Простота не меняется, простота «прямолинейна» и сверх того высокомерна. Простота — враг анализа… В простоте своей вы начинаете не понимать предмета, даже не видите его вовсе, так что происходит уже обратное, то есть ваш же взгляд из простого сам собою и невольно переходит в фантастический».

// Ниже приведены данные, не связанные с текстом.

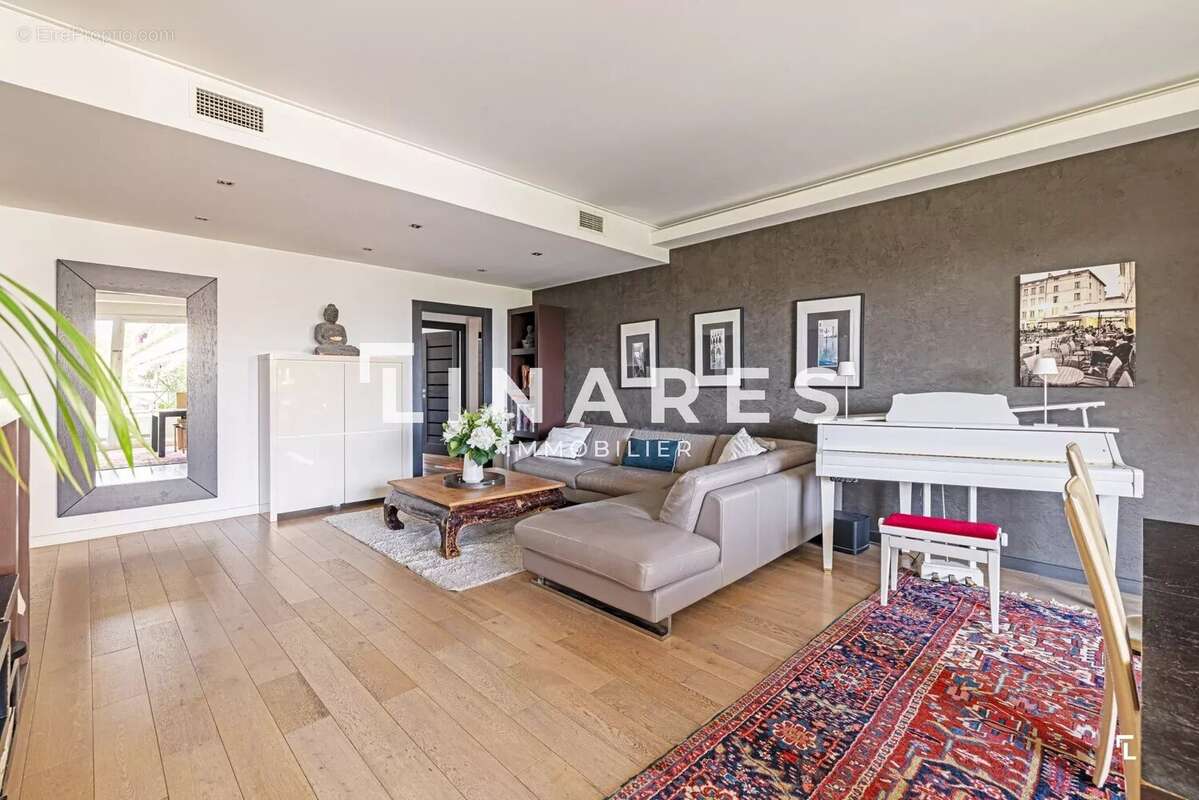 Appartement à MARSEILLE-8E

Такая «фантастика» упрощения лежит, по мнению Достоевского, в сведении всех ценностей к полезности («полезность» — основная категория философии просвещения, по мнению Гегеля), иными словами — например, в представлении, что «брюхо, проще — живот» есть основа всего человеческого бытия. Но самый центральный упрек Достоевского просвещенству — это то, что со всеми своими «незыблемыми» и «чугунными» идеями оно нереально, оторвано от жизни, изолировано, «обособлено», лишено онтологической устойчивости. «Мы все отвыкли от жизни» — жалуется герой «Записок из подполья»: «Ведь мы до того дошли, что настоящую, живую жизнь чуть ли не считаем за труд, почти что за службу, и все мы про себя согласны, что по книжке лучше». А в полузабытом отрывке из романа «Щедродаров» Достоевский находит блестящие формулы: «Прежде чем что-нибудь сделать, нужно самим чем-нибудь сделаться, воплотиться, самим собою стать… А вы отвлеченные, вы тени, вы — ничего… Вы — чужие идеи. Вы — сон. Вы не на почве стоите, а на воздухе. Из-под вас просвечивает». Конкретные образы просвещенцев — от Ставрогина и Ивана Карамазова до Петра Верховенского, Шигалева и Смердякова именно в этой плоскости только и могут быть поняты до конца — как представители «не-главного» ума, чугунно-неподвижных и потому мертвых понятий.
Но Достоевский направляет свои удары не только против просвещенцев. Мы найдем у него сродную характеристику и официальной России — чиновничьего аппарата Николаевской эпохи (и для Гегеля просвещенство есть преемник и наследник «старого режима»), обезличивающего и уравнивающего всех людей русского общества с его мертвым французским языком, Петербурга, «безликого» и «бездушного», и потому «нереального». Сродна и даваемая Достоевским характеристика русского «романтизма» и
«мечтательства». Линия «мечтательства» ведет от героя «Белых ночей» и Ордынова к… герою «Записок из подполья», у которого «все оставалось» «только в мечтах», и к Смер-дякову, одной из характерных черт которого ведь была «безотчетная созерцательность…». И ведь именно «мечтатели» стоят у Достоевского перед нереальным, «улетучивающимся» миром, именно в сознании мечтателей возникает образ Петербурга, уходящего «вместе с туманом и дымом» в небытие, «исчезающего и искуряющегося паром к темно-синему небу». В этом образе мира, расплывающегося в сновидение, в ничто, отражается пустота внутреннего бытия самих мечтателей, просветителей, обездушенных чиновников Николаевской эпохи и т. д. Их бытие определено пустыми, бессодержательными, «неподвижными идеями».